Why We Write; Art Criticism in Cairo and Beirut at the Turn of the 21st Century

Mai Elwakil  |  Research on the Arts Program  |  2021  |  Egypt

Team Members: Nour El Safoury, Jenifer Evans

Why We Write explores how critics, who write about contemporary visual art from the Arab region, have found their bearings amid the structural, political, social and technological changes that have followed the end of the Cold War. It uncovers an intellectual and social history of art by tracing the networks of people, institutions, and aesthetic ideas that generate the texts that function around and create value for art from the region. Focusing on Cairo (where the team is active) and Beirut (a familiar scene, where the team seeks to collaborate with a local researcher to access documents and archives) enables insights relevant to other parts of the region, such as Palestine, Jordan or the Gulf countries, to which production and funding have been shifting.
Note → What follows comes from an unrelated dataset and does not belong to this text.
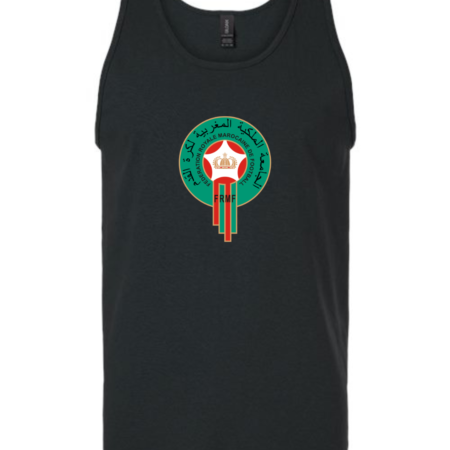 Morocco National Football Crest Men’s Tank Top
The project aims to address three main research questions: 1) How does an art writer develop a practice in the time and places under discussion? The research analyzes the personal trajectories and aspirations that lead to art writing, coming to the discipline from different backgrounds, developing careers, relationships with editors, choice of language, envisioned audiences, and writing processes. 2) As previous cultural funding and support structures have shrunk or collapsed in Lebanon and Egypt, what new infrastructures have formed for the creation, dissemination, and publishing of art criticism? How have they influenced the type of criticism written and the type of artworks gaining critical attention? 3) The past three decades saw major changes in who engages in art criticism and why. Why, despite flourishing art criticism scenes, were writings marked by ahistoricism and a difficulty in determining the purpose(s) behind writing? With increased reliance on “field reports” as a form of criticism, what type of art history can be based on writings from this time? Are critics able to provide historical insight for future art historians?